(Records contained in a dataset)
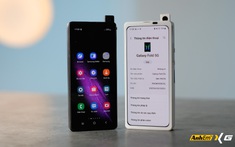 Sinh viên Việt Nam biến Galaxy Z Fold đời đầu thành smartphone mini độc nhất: Có nhiều tính năng mà Galaxy Z Fold7 còn chưa có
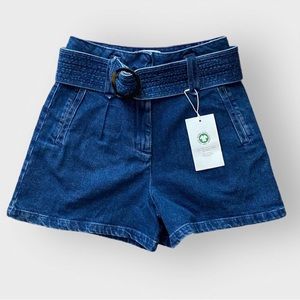 Sezane Deia Shorts size US 4 (FR 36)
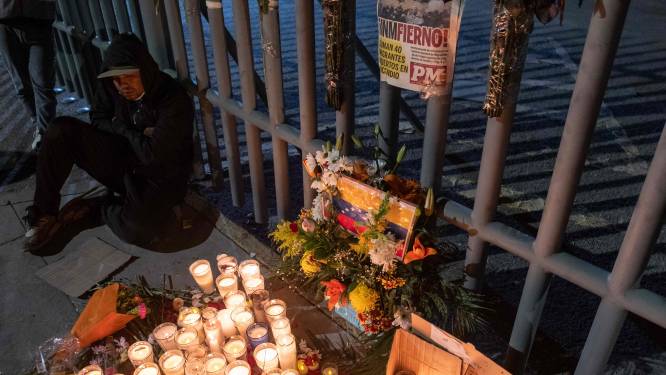 Dodelijke brand in Mexicaanse migrantenopvang: ‘Bewakers zagen rook, maar liepen weg’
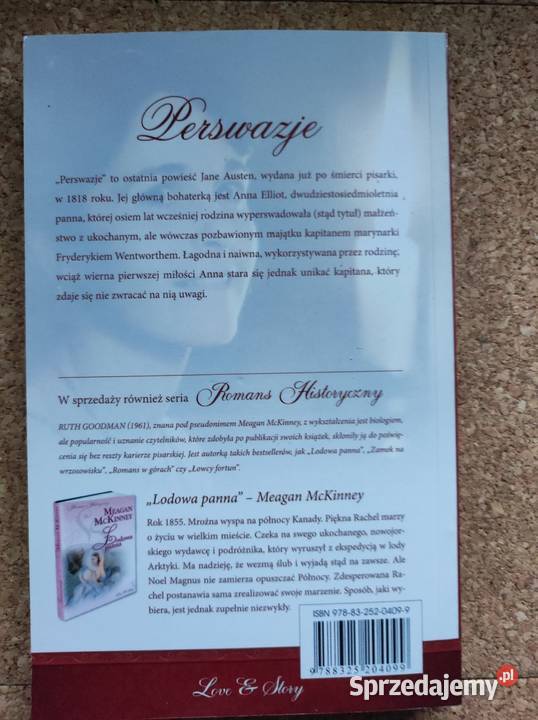 Perswazje Jane Austen Kielce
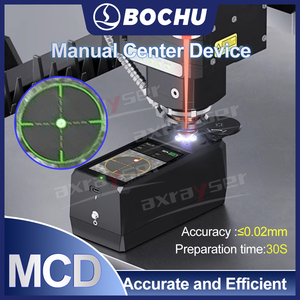 Outil d'alignement laser BOCHU Original MCD100 avec capteur d'image haute précision et dispositif de centrage manuel pour têtes laser BOCHU Raytools Bodor - Product Image 5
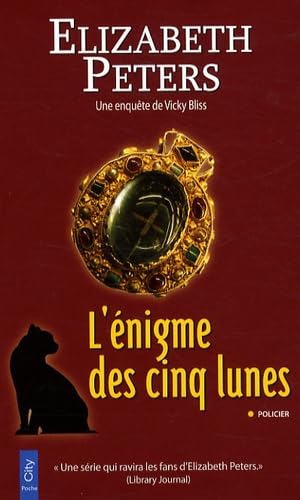 L'énigme des cinq lunes 9782352882602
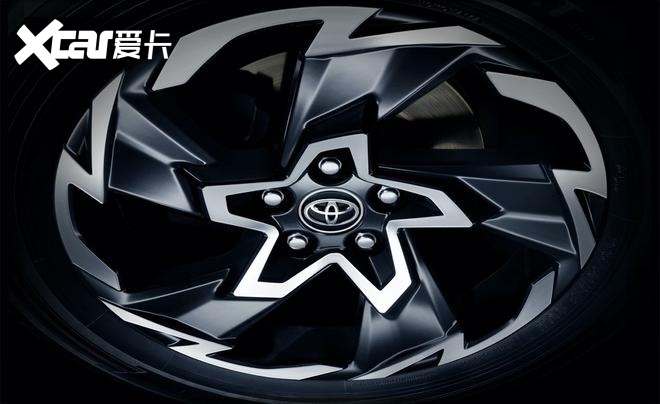 广汽丰田首款中型SUV威兰达，与RAV4同平台，广州车展首发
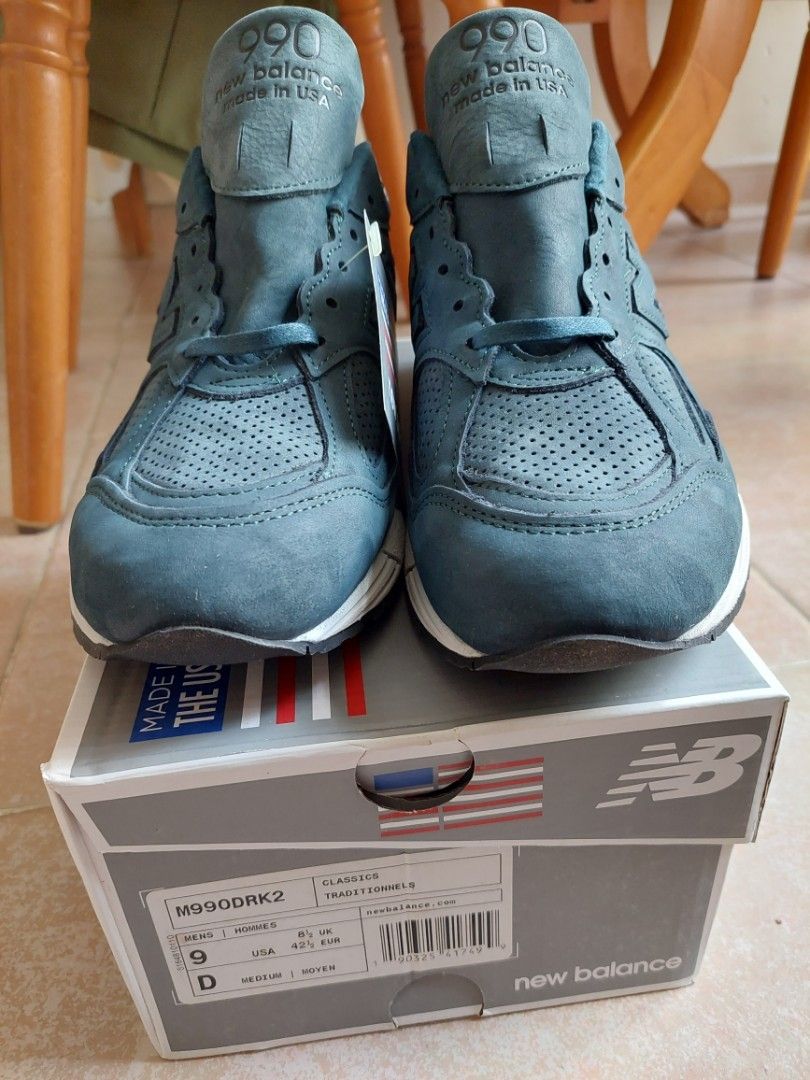 New hot sale balance m990drk2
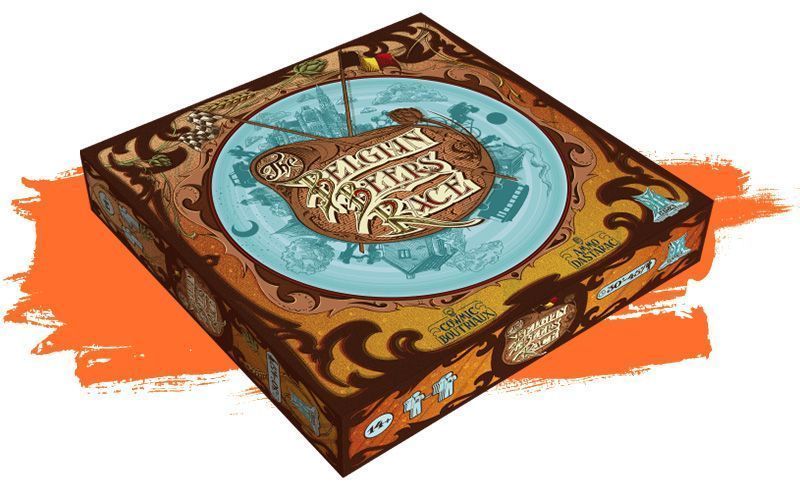 SPIEL TOP 2021 Rarezas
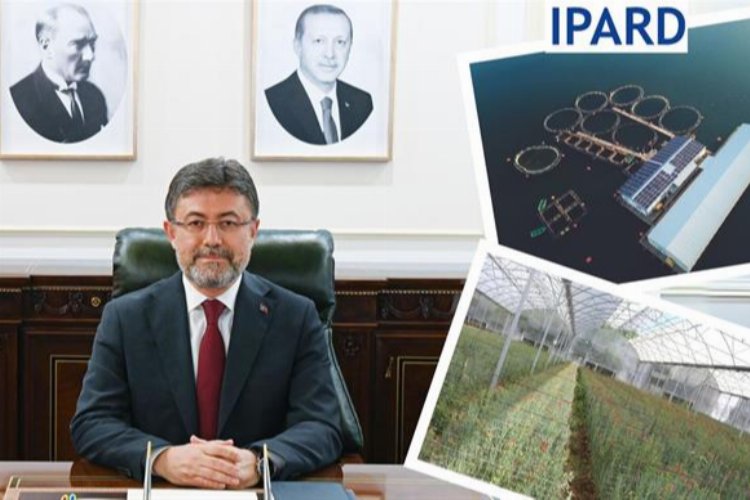 IPARD 3'te ikinci çağrı yapıldı... Destek bütçesi 80 milyon Avro -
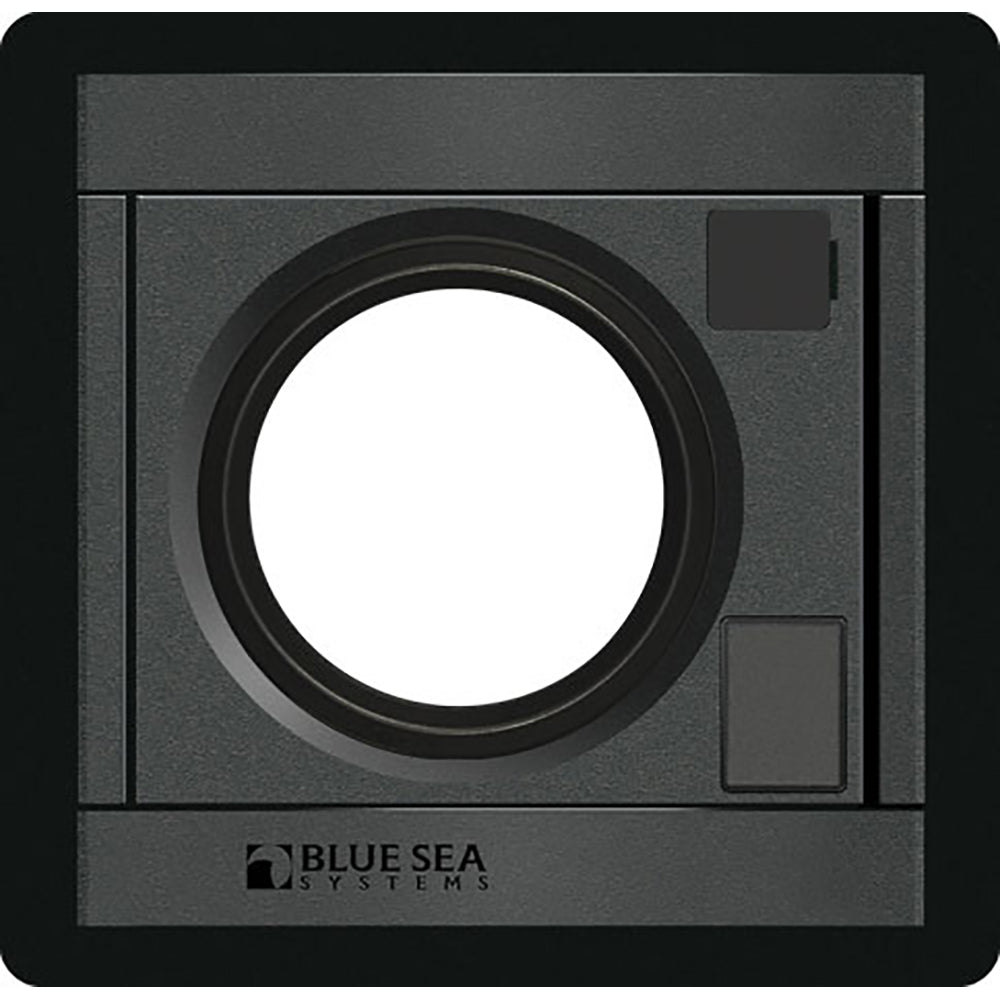 Blue Sea 1510 Gauge Panel f/Round Gauges - Get Tight Gear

▶ _Your instructions_: Go through the entries and retype each one exactly, skipping any image.

▶ _Exercise output_:
 Sinh viên Việt Nam biến Galaxy Z Fold đời đầu thành smartphone mini độc nhất: Có nhiều tính năng mà Galaxy Z Fold7 còn chưa có
 Sezane Deia Shorts size US 4 (FR 36)
 Dodelijke brand in Mexicaanse migrantenopvang: ‘Bewakers zagen rook, maar liepen weg’
 Perswazje Jane Austen Kielce
 Outil d'alignement laser BOCHU Original MCD100 avec capteur d'image haute précision et dispositif de centrage manuel pour têtes laser BOCHU Raytools Bodor - Product Image 5
 L'énigme des cinq lunes 9782352882602
 广汽丰田首款中型SUV威兰达，与RAV4同平台，广州车展首发
 New hot sale balance m990drk2
 SPIEL TOP 2021 Rarezas
 IPARD 3'te ikinci çağrı yapıldı... Destek bütçesi 80 milyon Avro -
 Blue Sea 1510 Gauge Panel f/Round Gauges - Get Tight Gear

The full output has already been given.